Mouvement 2 : Le souvenir de la femme aimée prend vie (Strophe 5 à 9)
• La figure de la femme aimée interrompt son élégie
L’introspection de l’auteur va être bouleversée par la “présence” d’un élément qui vient perturber le fil
du récit : le champ lexical de l’interruption et de la violence “tout à coup” “frapper” “tomber” contraste
avec le calme précédemment énoncé. La métonymie “la voix qui m’est chère” incarne en réalité la voix
de son amante décédée, qui semble retrouver l’usage de la parole grâce à la volonté du lac “flot attentif”
qui est personnifié.
• Julie est impuissante face à la force du temps
Le sixième quatrain est au discours direct, c'est à dire que les paroles sont rapportées telles quelles,
entre guillemets, sans modification.
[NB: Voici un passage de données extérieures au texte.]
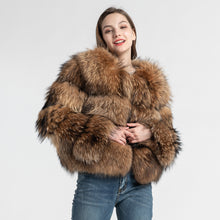 Load image into Gallery viewer, Real Raccoon Fur Coat  Winter Natural Fur Jacket Thick Warm Outerwear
Le discours utilisé par la femme est plutôt autoritaire : à travers une
apostrophe exclamative “O temps !” et des impératifs comme “suspends, laissez, suspendez” elle
exprime sa volonté d’arrêter le temps, avec la répétition du verbe “suspendre”, afin de retrouver
l’homme qu’elle aime. Elle s’adresse directement aux heures et au temps et le supplie presque de la
laisser retrouver son mari, pour la laisser retrouver le bonheur caractérisé par les mots “propices,
délices, beaux”, qui sera cependant interrompu et assombri par la rapidité du temps qui passe en ligne
23. Le lyrisme est omniprésent dans cette strophe : utilisation de l’interjection, personnification du
temps et des heures avec l’impératif, laissent clairement entrevoir la détresse qu’éprouve cette femme
face au temps, sur lequel elle n’a aucun pouvoir.
• Le ton de Julie devient pathétique
Au lyrisme vient s’ajouter la tonalité pathétique : avec implorer “,” malheureux “, ” ici-bas “, ” dévorent “,
qui laisse à penser que le temps est transformé en une sorte de bourreau contrôlant le destin de chaque
homme. L’utilisation presque excessive de l’impératif en vers 26,27,28 “Coulez, prenez, oubliez” montre
le désarroi qu’exprime Julie face à une notion du temps impitoyable. Par la suite, la strophe 8 souligne
une fois de plus l’impuissance de l’homme face au temps qui passe avec les verbes “demander, échappe
et fuit”, avec les locutions adverbiales “en vain, encore”. La femme va ensuite s’adresser directement à la
nuit, qui représente la mort, et chante le triomphe de la vie, représentée par l’aurore, sur la nuit, alliée à
la mort. Ses propos, transformées en supplication, donne un rythme régulier au poème : les
enjambements prolongent la longueur du vers, à l’image du temps qui prolonge le désarroi.
• Une incitation à profiter du temps avant la fin
Julie transforme ses propos en une leçon sur le temps : l’utilisation répétitive de l’impératif “Aimons
donc !” suivi de “Hâtons” et “jouissons”, renforce l’impression de hâte avec l’hémistiche en vers 34. Ici
une fois de plus le champ lexical du temps est omni présent : ” heure “, ” temps “, ” hâter “, ” couler “. On
retrouve la métaphore filée de l’eau et du temps à travers une double négation totale : “L’homme n’a
point de port, le temps n’a point de rive”. Ces négations montrent que l’homme ne peut pas stopper le
temps, représenté comme “fugitif” qui n’a pas de limites. Cette incitation encourage les hommes à
prendre conscience de la valeur du temps.